→ Your objective
Looking at the entries underneath, work out how many lines contain "with". Write only that number.

→ Exercise data
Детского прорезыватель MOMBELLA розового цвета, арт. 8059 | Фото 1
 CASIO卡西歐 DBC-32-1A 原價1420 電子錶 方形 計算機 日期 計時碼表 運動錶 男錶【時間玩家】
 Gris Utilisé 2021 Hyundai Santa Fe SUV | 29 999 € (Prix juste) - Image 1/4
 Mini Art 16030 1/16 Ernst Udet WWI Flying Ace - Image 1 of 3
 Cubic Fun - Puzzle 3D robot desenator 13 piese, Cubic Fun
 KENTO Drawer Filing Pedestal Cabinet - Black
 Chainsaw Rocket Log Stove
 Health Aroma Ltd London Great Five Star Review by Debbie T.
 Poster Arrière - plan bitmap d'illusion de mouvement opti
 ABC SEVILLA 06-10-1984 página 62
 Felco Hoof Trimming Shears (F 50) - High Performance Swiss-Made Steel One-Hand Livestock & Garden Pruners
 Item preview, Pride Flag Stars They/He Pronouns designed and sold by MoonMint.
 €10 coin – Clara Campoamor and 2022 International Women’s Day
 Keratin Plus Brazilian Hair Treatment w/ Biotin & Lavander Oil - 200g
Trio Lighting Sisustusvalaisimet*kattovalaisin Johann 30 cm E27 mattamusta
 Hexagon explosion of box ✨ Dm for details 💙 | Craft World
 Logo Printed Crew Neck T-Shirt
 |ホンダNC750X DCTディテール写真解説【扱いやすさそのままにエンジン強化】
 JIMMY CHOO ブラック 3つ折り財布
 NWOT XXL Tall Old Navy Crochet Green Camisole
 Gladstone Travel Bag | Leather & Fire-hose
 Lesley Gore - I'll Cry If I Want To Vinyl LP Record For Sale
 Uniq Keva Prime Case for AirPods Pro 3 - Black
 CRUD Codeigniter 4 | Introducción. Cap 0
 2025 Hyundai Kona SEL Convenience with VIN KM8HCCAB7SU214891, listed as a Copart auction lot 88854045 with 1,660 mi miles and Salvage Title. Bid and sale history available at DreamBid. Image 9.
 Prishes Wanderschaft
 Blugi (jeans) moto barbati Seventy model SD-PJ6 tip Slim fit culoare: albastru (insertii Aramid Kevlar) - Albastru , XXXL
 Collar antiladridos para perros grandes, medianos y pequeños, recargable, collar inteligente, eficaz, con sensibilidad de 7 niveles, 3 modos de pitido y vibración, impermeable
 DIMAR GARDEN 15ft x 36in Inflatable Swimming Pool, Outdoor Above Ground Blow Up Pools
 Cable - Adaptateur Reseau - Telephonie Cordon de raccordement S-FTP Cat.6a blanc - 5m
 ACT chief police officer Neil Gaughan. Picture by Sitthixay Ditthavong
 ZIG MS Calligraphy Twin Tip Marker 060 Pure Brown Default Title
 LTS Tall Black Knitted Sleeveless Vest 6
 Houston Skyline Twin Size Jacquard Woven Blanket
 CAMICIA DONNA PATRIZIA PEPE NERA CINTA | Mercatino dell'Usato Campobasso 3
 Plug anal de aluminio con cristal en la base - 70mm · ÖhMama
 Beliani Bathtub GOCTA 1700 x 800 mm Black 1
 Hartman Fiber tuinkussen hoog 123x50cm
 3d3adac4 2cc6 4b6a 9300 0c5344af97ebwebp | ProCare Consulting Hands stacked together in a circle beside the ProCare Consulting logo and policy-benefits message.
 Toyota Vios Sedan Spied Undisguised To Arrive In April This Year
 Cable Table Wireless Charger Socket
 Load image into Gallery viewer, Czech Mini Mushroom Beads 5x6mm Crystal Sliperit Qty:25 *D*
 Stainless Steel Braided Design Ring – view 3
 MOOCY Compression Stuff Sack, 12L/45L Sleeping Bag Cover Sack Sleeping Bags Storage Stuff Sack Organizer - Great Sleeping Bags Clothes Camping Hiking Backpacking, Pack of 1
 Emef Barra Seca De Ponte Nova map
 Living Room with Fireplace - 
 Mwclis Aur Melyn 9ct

→ Result for this exercise
2